Expérience immersive

Après une nuit de rêve, nous prenons le bac vers Couëron et partons en balade sur la rive nord de la Loire, direction Saint-Nazaire. Par le dédale de chemins qui entaille les marais, le port de Cordemais est à 18 kilomètres. C’est là qu’a pris position le centre Terre d’estuaire. Niché entre étendues d’eau et prairies vertes, ce bâtiment durable en bois et verre explore sur 2 000 mètres carrés l’histoire et la vie de l’estuaire (commerce et contrebande du sel, incursions Vikings, biodiversité...) dans une scénographie moderne. À quelques coups de pédale, la Villa Cheminée du facétieux artiste nippon Tatzu Nishi se mesure au gigantisme de la centrale thermique à flamme de Cordemais. Au sommet de sa tour, à 15 mètres de hauteur, un petit pavillon de banlieue avec jardinet fait office de gîte. Attention, la liste d’attente est longue pour ceux qui veulent dormir tout près du ciel.

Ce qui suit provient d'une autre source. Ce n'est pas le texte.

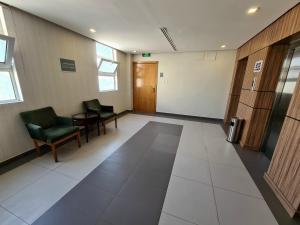 an empty waiting room with chairs and a door at SPAR Furnished Hotel in Al Hofuf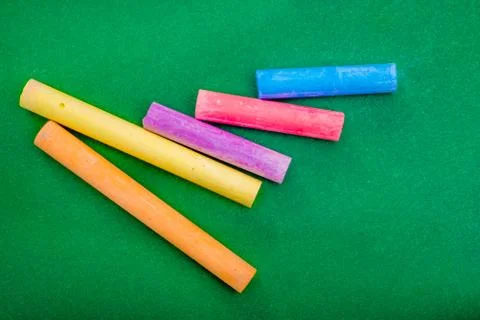 Five stick of Chalk on Green Stock Photos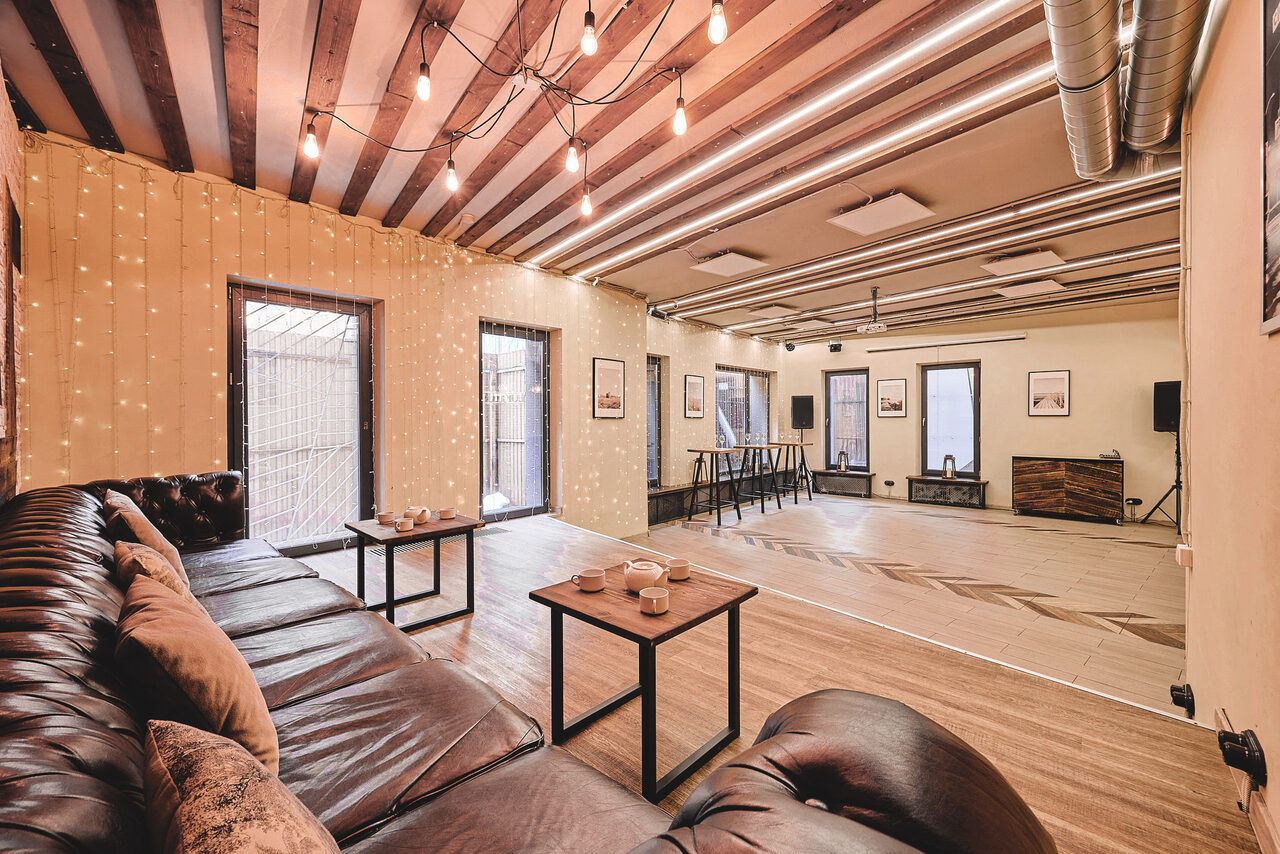 Арендовать Loft Lodge 6. Просторное помещение с кирпичными и деревянными элементами. Просторная зона отдыха с коричневым кожаным диваном и деревянными столиками. Потолок украшен подвесными лампами. Естественное освещение через большие окна. Светлые стены, деревянный пол, наличие музыкальной системы.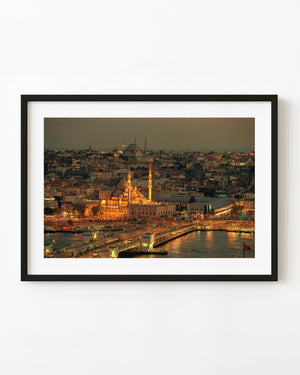 Istanbul at dusk with illuminated mosques, Galata Bridge and golden reflections across the waterfront.
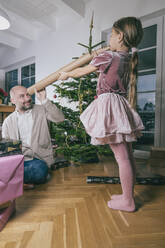 Vater betrachtet Tochter durch aufgerolltes Geschenkpapier zu Hause - KMKF01783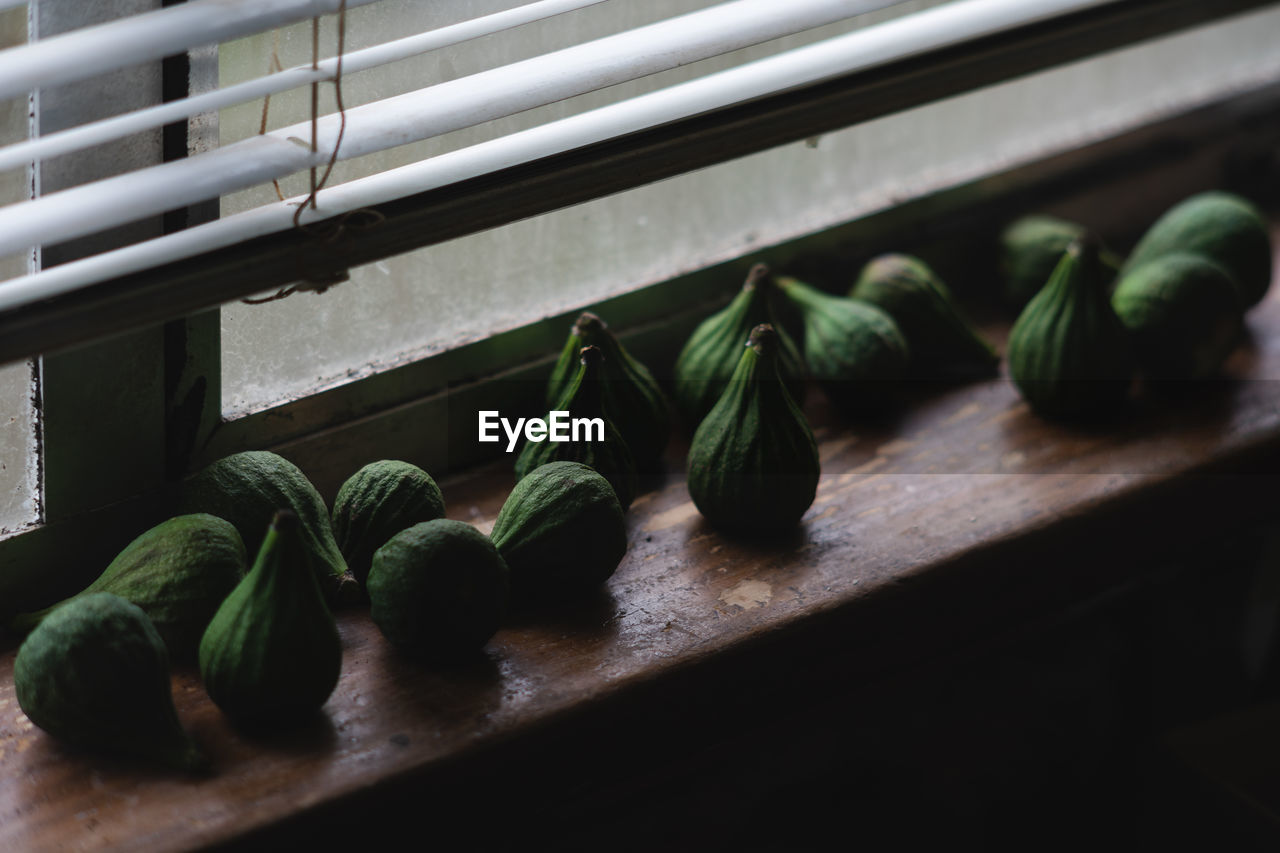 Close-up of figs on window sill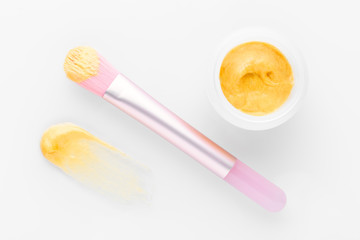 golden facial cream mask with a brush on white background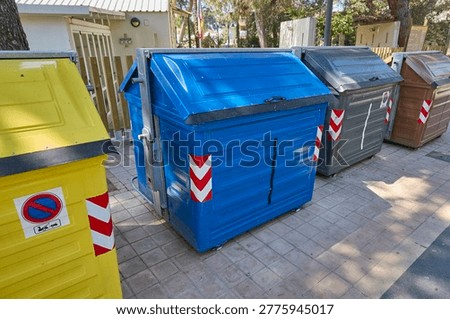 Large recycling containers for waste sorting in urban area.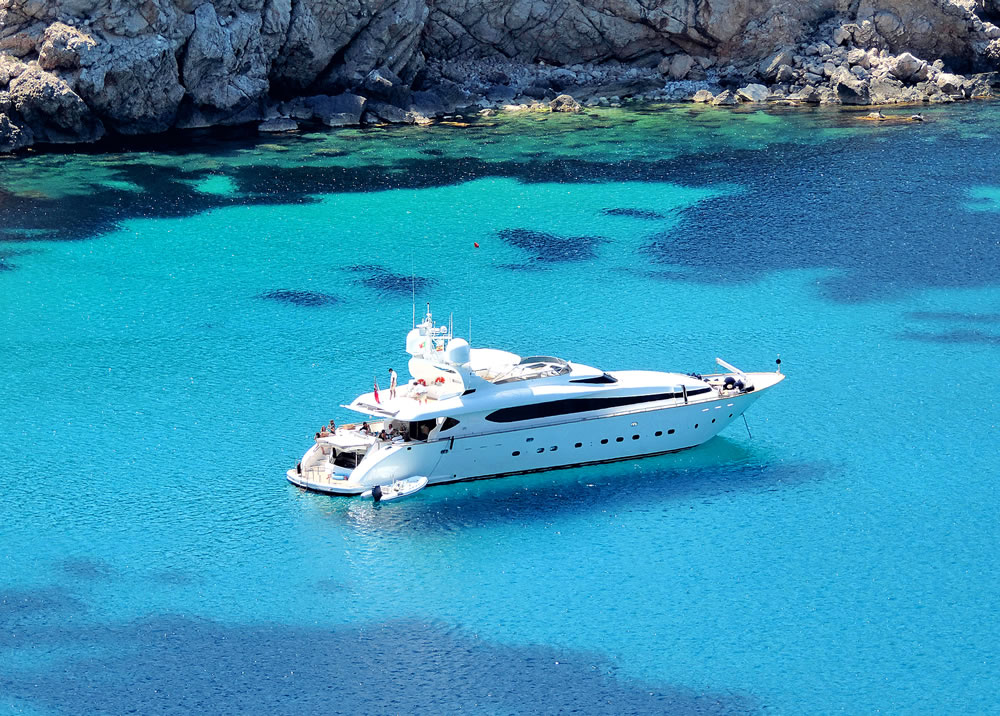 Luxury boat anchored in a bay, luxury yacht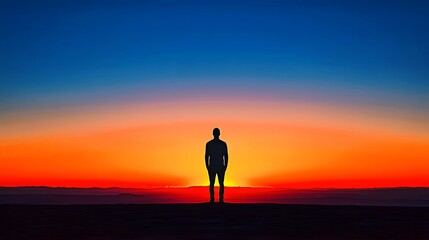 Silhouette of a person against a vibrant sunset horizon.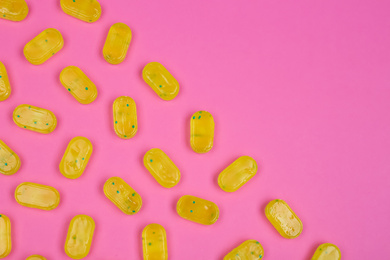 Many delicious lemon drops on pink background, flat lay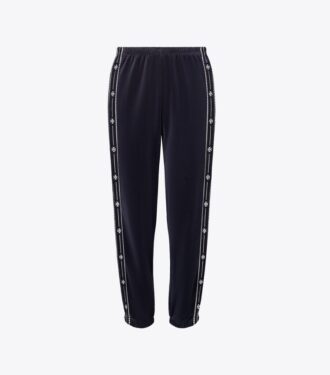 Pantalones de chándal de terciopelo con logotipo T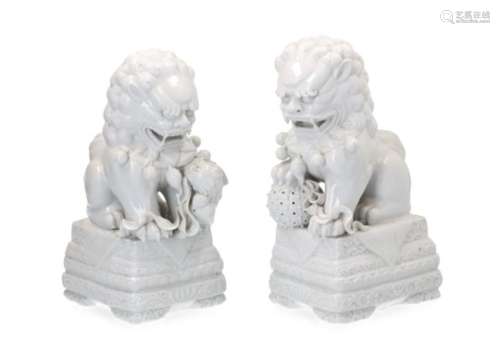 A pair of blanc de Chine sculptures of Foo dogs. One with a ball, one with a cub. Unmarked. China,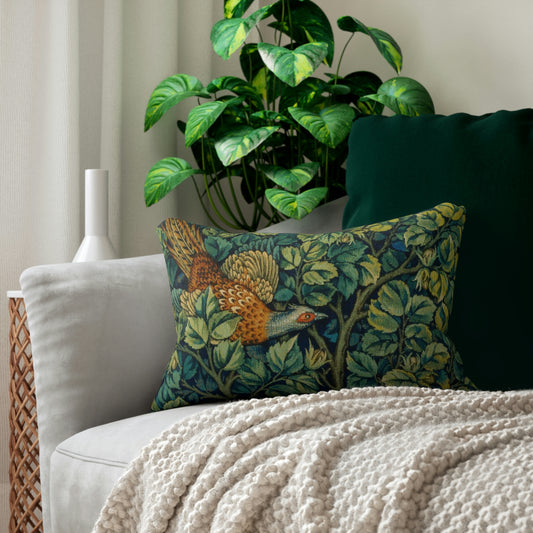 A lumbar cushion featuring a hidden beige zipper with a William Morris & Co design of a pheasant among green leaves on a background with a similar leaf pattern.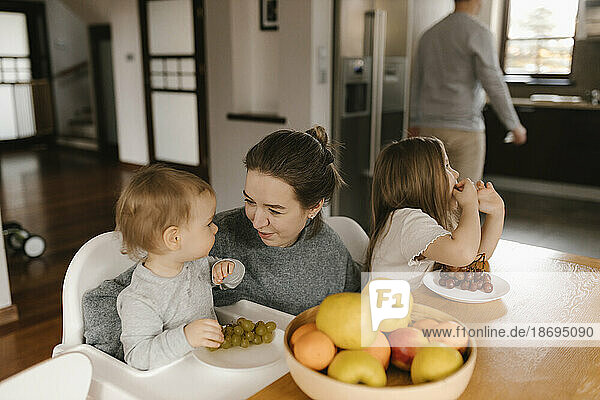 Mother with children eating fruit at dining table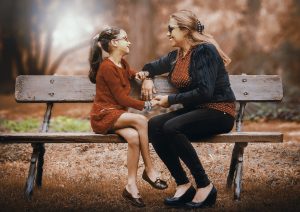 mom and daughter on a park bench 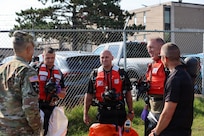 Brig. Gen. Ravi Wagh, assistant adjutant general - Army, Michigan National Guard, talks to members of the 51st Civil Support Team, Michigan National Guard, and other responders prior to the culminating training event for Operation Iron Wave at the Soo Locks in Sault Ste. Marie, Michigan.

Arrivée au hameau de Lavau-sur-Loire. Autrefois animé, à présent envasé, son port s’est endormi autour de sa vieille auberge... celle-là même que reproduit la Maison dans la Loire. De la place du village, une passerelle file au milieu des roselières vers un observatoire en bois, installation conçue par Tadashi Kawamata, artiste japonais pionnier de l’art écoresponsable. Depuis le sommet, on parvient enfin à saisir toute la complexité de cet estuaire méconnu, protégé pour ses richesses écologiques, bercé par les jeux de lumière et le chant des oiseaux.


Intrigants nids de métal

En suivant à vélo les Roselières, un circuit de 8 kilomètres entre Lavau-sur-Loire et Savenay, on repère des tours métalliques coiffées de drôles de nids de cigognes au cœur du marais du Syl. Perchés à 6 mètres de hauteur, ces Nids-Observatoires offrent une vue imprenable sur ce site au décor changeant. Des marais qui, l’hiver, sont inondés par les eaux de pluie du bassin du Sillon de Bretagne et servent d’abri aux oiseaux migrateurs. Mais qui, dès le printemps, redeviennent des pâturages semés de canaux, de troupeaux de bovins et de rouleaux de foin.